We see a powerful effect of local opinion in Chatherine O’Flynn’s What Was Lost. Ten-year-old aspiring detective Kate Meaney has dreams of owning her own detective agency, Falcon Investigations. She observes everything and makes notes about what she sees, and spends as much time as she can at the local Green Oaks Mall, looking for suspicious characters or activities. One day, Kate is seen boarding a bus with her friend, twenty-two-year-old Adrian Palmer. Palmer returns, but Kate has disappeared. No body is found, and there’s no obvious evidence that she’s been killed, but everyone thinks that Adrian is responsible for abducting Kate and probably, for killing her. In fact, local prejudice against Adrian runs so high that he feels forced to leave town. Because of the town’s prejudice against him, Adrian has no desire to return, but he has kept in touch with his sister, Lisa. Years later, Lisa has a mediocre, go-nowhere job at a music store in the mall, where she’s befriended Kurt, a security guard.

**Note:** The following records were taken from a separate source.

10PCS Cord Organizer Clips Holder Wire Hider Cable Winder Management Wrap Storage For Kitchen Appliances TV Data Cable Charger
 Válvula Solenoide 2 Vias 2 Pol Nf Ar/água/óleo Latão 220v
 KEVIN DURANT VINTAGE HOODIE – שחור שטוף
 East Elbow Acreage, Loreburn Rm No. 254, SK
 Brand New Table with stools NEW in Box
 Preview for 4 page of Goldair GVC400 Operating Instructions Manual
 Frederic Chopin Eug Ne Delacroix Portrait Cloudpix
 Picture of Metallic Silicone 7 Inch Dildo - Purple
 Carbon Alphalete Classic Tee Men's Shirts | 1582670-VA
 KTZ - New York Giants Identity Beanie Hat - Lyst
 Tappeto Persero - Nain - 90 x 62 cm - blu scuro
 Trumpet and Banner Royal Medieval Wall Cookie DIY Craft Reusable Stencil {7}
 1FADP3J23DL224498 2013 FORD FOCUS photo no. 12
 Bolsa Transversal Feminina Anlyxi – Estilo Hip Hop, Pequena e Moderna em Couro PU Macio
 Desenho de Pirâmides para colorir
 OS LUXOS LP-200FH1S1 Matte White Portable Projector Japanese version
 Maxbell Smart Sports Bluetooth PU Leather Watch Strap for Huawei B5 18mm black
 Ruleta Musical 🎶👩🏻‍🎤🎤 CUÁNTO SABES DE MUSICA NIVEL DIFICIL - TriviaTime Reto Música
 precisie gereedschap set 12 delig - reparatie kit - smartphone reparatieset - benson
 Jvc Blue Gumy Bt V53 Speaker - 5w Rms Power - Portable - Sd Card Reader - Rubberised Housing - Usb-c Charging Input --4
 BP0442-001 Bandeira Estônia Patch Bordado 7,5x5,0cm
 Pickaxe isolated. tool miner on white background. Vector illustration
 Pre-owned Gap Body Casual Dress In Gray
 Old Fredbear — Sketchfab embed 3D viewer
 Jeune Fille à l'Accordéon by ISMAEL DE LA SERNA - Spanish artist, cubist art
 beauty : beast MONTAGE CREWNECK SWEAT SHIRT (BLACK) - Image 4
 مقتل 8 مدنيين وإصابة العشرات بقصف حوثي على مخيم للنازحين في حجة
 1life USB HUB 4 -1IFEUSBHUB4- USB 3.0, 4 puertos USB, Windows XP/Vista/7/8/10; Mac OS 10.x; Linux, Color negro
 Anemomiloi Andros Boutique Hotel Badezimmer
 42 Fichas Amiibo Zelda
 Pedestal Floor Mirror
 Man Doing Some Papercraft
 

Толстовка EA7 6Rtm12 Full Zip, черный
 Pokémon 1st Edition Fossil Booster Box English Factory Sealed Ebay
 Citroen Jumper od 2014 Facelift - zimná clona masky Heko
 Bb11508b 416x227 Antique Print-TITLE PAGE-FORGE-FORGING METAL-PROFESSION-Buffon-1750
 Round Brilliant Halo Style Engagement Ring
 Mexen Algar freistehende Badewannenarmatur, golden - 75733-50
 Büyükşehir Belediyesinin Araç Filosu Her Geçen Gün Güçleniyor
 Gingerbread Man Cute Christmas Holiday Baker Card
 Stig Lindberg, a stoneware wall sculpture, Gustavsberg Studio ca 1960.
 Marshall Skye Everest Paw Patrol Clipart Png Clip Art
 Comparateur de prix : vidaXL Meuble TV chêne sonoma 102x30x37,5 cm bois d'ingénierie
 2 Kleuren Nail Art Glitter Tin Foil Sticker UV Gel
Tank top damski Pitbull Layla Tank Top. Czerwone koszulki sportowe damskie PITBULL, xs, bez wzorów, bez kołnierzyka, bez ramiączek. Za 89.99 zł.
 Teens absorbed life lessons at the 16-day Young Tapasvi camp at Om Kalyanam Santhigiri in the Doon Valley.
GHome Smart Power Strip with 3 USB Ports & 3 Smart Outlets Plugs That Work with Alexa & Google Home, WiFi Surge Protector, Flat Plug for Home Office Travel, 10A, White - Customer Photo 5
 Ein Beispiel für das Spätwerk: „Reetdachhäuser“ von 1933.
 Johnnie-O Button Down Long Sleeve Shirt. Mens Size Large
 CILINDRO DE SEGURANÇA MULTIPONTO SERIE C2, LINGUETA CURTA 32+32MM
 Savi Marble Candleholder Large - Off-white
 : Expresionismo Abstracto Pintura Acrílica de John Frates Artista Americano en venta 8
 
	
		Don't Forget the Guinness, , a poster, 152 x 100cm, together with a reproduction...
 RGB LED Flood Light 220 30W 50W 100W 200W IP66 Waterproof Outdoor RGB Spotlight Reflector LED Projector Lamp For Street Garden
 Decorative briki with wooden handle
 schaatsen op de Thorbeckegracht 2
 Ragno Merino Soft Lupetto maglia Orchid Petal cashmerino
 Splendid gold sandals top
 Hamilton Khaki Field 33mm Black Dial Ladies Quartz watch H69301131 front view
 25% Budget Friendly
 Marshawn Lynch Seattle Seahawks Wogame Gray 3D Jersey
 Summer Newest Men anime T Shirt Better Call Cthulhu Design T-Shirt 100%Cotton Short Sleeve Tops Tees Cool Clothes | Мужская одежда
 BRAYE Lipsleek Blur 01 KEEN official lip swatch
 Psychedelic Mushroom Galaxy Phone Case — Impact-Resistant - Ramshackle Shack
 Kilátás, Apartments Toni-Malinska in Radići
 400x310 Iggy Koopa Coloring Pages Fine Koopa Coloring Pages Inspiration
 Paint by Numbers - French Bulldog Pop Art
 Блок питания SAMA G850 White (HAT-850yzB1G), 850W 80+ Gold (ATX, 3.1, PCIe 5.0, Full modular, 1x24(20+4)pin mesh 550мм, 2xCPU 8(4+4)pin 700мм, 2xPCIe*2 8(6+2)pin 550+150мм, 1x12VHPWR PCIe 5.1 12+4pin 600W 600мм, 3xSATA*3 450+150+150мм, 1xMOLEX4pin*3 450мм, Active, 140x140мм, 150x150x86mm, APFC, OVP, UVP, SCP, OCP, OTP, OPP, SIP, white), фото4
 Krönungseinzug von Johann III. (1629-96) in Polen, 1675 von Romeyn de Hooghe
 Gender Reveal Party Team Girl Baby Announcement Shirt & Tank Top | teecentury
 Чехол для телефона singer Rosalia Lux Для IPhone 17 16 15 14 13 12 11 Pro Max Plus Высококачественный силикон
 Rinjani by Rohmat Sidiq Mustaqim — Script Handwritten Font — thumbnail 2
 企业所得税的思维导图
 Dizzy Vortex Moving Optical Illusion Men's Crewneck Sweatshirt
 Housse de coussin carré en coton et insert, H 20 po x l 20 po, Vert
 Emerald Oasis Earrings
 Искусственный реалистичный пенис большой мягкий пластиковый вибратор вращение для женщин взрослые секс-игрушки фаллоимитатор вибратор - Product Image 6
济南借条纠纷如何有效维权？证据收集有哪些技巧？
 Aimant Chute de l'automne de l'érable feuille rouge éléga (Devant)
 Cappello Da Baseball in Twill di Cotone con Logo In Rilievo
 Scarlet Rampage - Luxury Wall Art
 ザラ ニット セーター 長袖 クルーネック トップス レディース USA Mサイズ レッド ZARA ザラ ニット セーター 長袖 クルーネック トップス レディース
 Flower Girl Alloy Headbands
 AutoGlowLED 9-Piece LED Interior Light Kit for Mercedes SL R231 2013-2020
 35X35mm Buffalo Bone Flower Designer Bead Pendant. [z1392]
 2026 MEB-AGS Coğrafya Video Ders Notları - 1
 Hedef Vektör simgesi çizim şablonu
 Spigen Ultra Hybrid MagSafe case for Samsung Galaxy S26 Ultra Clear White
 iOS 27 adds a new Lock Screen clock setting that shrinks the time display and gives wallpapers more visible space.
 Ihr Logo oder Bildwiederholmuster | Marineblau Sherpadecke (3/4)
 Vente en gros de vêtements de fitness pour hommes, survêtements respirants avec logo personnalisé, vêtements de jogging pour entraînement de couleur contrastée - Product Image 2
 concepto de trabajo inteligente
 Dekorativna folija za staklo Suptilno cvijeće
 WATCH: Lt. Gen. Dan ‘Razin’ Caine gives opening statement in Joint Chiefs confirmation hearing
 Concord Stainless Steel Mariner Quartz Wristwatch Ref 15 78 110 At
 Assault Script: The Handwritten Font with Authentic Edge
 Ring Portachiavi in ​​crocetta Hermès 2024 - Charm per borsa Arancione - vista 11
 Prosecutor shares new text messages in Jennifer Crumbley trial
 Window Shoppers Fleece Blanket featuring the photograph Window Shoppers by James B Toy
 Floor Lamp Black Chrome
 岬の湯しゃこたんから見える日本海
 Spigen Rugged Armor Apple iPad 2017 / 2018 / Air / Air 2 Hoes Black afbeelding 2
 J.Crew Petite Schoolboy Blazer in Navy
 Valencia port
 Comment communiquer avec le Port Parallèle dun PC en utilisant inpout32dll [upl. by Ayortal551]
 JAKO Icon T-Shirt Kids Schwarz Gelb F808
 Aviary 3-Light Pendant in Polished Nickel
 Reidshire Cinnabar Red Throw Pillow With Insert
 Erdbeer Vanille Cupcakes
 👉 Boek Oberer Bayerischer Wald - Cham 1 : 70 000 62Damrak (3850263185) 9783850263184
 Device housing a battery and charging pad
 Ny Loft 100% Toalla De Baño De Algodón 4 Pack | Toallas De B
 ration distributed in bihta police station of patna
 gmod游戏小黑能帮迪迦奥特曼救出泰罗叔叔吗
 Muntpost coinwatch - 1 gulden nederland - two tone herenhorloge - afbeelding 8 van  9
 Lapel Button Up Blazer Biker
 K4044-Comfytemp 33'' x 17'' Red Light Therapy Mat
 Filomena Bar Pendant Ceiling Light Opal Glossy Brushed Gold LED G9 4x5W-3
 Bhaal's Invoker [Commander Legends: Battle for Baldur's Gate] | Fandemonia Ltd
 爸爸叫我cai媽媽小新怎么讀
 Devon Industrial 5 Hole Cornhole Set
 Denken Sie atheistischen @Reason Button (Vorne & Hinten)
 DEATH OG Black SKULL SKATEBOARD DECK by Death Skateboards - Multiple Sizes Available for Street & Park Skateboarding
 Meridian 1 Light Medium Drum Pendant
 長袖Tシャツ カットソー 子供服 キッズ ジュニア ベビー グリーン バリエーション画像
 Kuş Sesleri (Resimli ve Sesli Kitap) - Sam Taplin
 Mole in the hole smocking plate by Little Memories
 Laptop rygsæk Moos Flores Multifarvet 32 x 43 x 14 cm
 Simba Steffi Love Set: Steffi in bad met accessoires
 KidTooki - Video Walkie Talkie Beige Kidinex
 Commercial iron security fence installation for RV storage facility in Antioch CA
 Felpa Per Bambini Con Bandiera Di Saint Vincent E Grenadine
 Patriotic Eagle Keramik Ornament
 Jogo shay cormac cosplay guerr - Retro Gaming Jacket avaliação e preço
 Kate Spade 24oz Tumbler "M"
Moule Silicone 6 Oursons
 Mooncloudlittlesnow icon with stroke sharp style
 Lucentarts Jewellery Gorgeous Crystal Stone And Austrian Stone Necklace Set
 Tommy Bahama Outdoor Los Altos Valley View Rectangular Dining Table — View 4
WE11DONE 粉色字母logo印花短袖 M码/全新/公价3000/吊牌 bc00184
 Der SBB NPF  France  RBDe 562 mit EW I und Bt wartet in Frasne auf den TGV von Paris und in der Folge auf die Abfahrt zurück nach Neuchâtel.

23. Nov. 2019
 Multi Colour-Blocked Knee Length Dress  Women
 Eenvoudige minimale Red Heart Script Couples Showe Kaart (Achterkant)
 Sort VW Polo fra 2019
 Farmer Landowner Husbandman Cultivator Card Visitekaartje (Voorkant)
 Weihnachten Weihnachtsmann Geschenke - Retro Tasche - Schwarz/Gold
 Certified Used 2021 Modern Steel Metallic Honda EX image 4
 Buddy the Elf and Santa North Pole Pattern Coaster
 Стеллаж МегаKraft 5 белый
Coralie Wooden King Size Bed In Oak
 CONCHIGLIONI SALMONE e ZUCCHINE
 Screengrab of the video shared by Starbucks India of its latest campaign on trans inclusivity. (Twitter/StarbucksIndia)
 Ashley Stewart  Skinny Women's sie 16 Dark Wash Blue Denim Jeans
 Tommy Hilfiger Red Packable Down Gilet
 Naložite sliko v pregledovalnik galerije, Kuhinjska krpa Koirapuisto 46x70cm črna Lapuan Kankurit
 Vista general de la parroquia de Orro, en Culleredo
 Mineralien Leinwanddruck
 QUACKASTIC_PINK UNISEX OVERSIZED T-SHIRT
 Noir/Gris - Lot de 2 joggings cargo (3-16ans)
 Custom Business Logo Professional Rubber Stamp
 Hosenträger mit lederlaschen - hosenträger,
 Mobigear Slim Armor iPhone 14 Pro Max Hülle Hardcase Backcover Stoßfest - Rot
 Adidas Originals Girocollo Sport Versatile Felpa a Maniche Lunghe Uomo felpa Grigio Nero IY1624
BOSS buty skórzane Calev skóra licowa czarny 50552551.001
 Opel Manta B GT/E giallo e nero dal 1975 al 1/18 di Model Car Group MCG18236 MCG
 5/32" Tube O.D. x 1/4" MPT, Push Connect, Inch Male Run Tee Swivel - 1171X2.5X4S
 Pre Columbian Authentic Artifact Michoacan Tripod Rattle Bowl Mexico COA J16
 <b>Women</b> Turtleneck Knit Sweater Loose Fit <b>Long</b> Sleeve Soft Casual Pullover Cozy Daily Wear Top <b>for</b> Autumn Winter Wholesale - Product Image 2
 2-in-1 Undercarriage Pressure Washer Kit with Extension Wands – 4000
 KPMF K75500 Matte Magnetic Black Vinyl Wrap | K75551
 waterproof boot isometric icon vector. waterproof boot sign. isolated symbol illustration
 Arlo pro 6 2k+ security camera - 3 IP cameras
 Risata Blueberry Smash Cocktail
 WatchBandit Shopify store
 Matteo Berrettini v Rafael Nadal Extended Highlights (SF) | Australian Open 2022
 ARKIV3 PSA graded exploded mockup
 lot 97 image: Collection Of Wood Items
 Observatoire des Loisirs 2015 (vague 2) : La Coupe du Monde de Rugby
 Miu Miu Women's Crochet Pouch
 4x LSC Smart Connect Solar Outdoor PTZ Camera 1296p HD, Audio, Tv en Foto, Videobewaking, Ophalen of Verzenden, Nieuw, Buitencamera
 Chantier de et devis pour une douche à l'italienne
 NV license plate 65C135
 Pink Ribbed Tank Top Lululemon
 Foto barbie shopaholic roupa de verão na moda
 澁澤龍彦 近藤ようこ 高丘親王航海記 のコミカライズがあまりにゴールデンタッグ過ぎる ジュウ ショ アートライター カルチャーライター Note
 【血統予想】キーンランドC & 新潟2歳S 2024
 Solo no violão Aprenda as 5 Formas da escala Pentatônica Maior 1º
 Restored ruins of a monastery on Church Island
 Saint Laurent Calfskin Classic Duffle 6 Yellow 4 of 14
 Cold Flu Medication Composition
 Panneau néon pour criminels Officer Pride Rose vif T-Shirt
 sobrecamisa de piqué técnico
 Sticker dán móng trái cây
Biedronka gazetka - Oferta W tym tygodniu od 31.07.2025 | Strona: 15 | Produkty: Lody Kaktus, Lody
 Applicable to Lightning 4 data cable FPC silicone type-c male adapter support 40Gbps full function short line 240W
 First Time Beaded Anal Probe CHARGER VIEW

One day, Kurt is watching a surveillance video when he sees a young girl who looks just like Kate Meaney, even to the stuffed monkey peeping out of her backpack. Kate is haunted by this, since she never believed that Adrian was guilty of abducting or killing Kate. So she and Kurt decide to find out what really happened to Kate.
There are, of course, lots of other novels in which the “court of public opinion” plays an important role. That local prejudice adds color and interest, and can add a strong layer of suspense to a novel. Which are your favorite “court of public opinion” novels?
*NOTE: The title of this post is a line from Cecil Hill’s Town Without Pity.